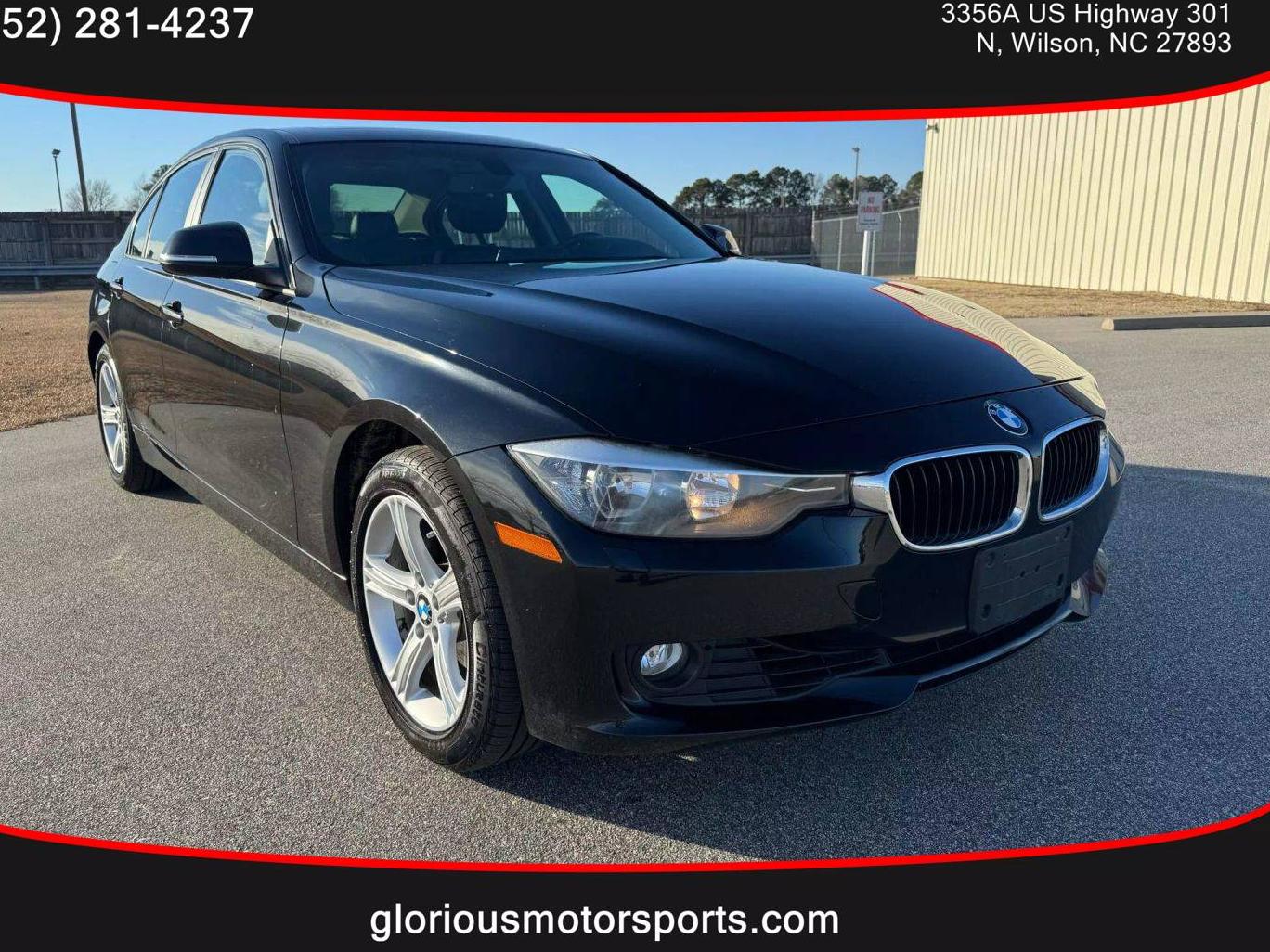 BMW 328I 2014 WBA3B5G54ENS09979 image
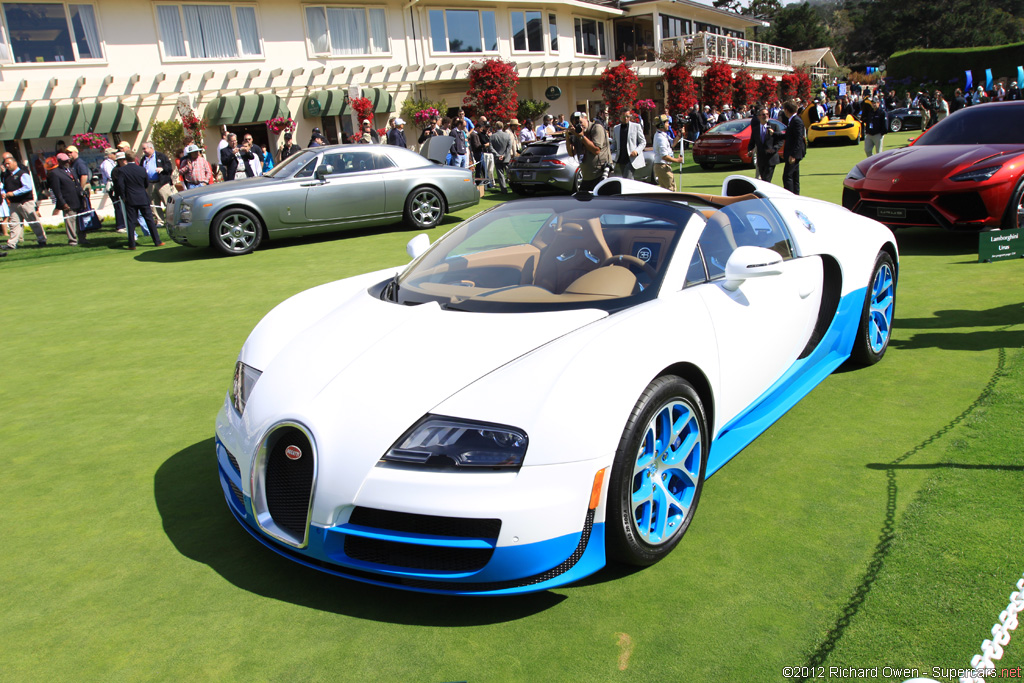 2012 Bugatti 16/4 Veyron Grand Sport Vitesse Gallery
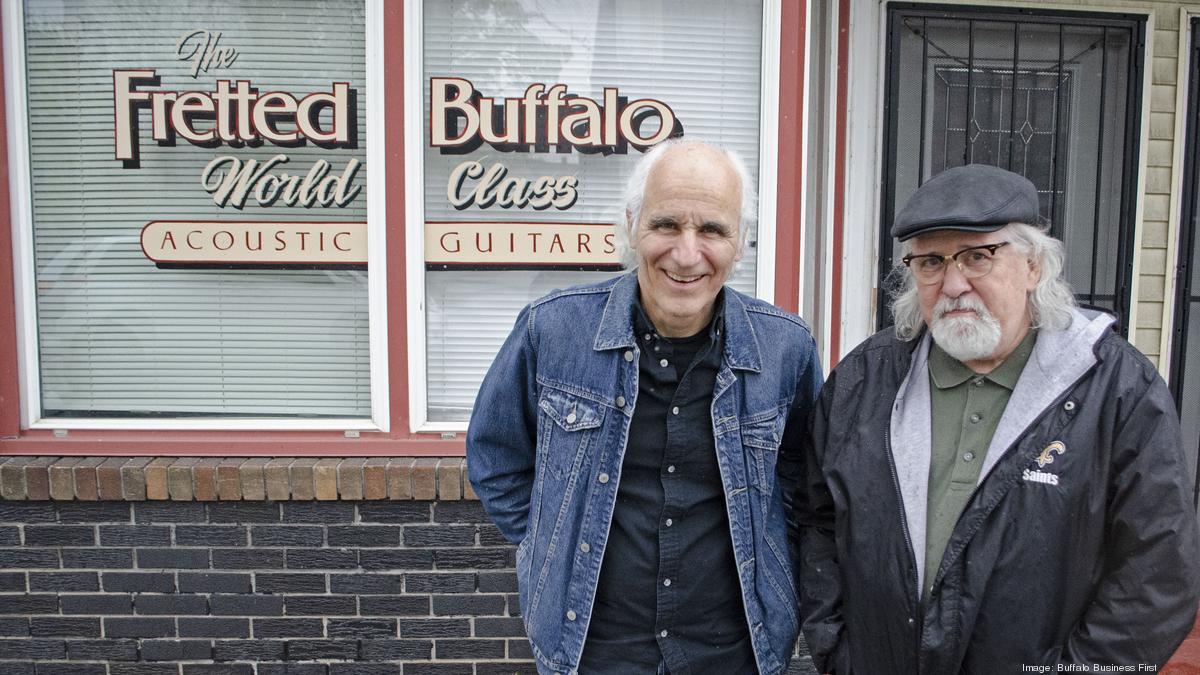 Highend Buffalo guitar store the Fretted Buffalo sees an uptick in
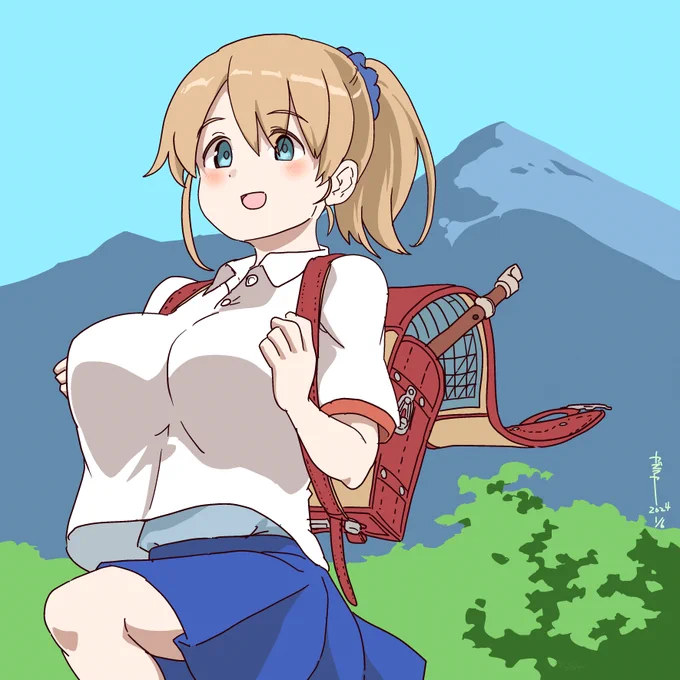 #今月描いた絵を晒そう 
お正月パワーがみなぎっていたのです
_ _ _ _ _
Problem statement.
Set down the records in full and exactly. Do not carry over any image.

Exercise result.
 BMW 328I 2014 WBA3B5G54ENS09979 image
 2012 Bugatti 16/4 Veyron Grand Sport Vitesse Gallery
 Highend Buffalo guitar store the Fretted Buffalo sees an uptick in
 #今月描いた絵を晒そう 
お正月パワーがみなぎっていたのです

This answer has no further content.